Wednesday, 22 January 2014

Does any iron fuse in stars before they go supernova?

The "iron core" in a supernova is actually the end product of a nuclear statistical equilibrium that begins when the silicon core begins to fuse with alpha particles (helium nuclei). Exothermic reactions are possible right up to Nickel-62 (which is actually the nucleus with the highest binding energy per nucleon). In fact, successive, rapid alpha captures produce nuclei with the same number of protons and neutrons, but at the same time, the competing processes of photodisintegration and radioactive decay work in the other direction. The process is thought to mostly stop at Nickel-56 which, because heavier nuclei are more stable with $n/p>1$, then undergoes a couple of $beta^{+}$ decays via Cobalt-56 to Iron-56. However, the core of a supernova just before it explodes is likely to contain a bit of a mixture of iron-peak isotopes.

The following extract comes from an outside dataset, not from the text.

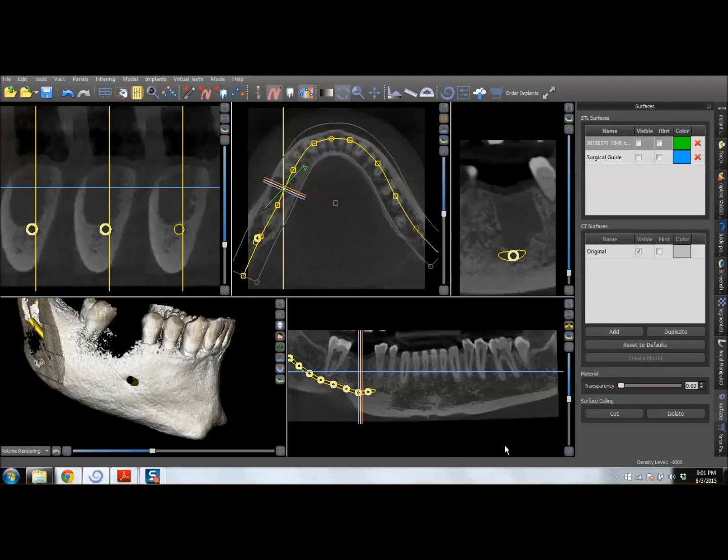Hi, this is Dr. Corey Glenn, and I'm going to give you just a quick run through of the software portion of this case that I'm about to demonstrate.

Before all this happens it is possible for iron and nickel to undergo nuclear reactions if there is an appropriate source of free neutrons. The elements beyond iron in our universe are predominantly created by neutron-capture in either the r-process or the s-process.



The r-process is thought to occur after a core-collapse supernova (or a type Ia supernova) has been initiated. The neutron flux is created by the neutronisation of protons by a dense, degenerate electron gas in the collapsing core.



However, the s-process can occur outside the core of a massive star before it explodes. It is a secondary process because it needs iron nuclei to be present already - that is, the iron that is used for the seed nuclei is not produced inside the star, it was already present in the gas from which the star formed. The s-process in massive stars uses free neutrons produced during neon burning (so at advanced nuclear burning stages beyond helium, carbon and oxygen burning) and results in the addition of neutrons to iron nuclei. This builds up heavy isotopes, which may either be stable or undergo $beta$ decay and/or further neutron captures to build up a chain of "s-process elements" (e.g. Sr, Y, Ba) all the way up to lead. The overall process is endothermic, but the yields and reaction rates are so small that it has no major influence on the overall energetics of the star. The newly-minted s-process elements are easily blasted into the interstellar medium shortly afterwards when the supernova explodes.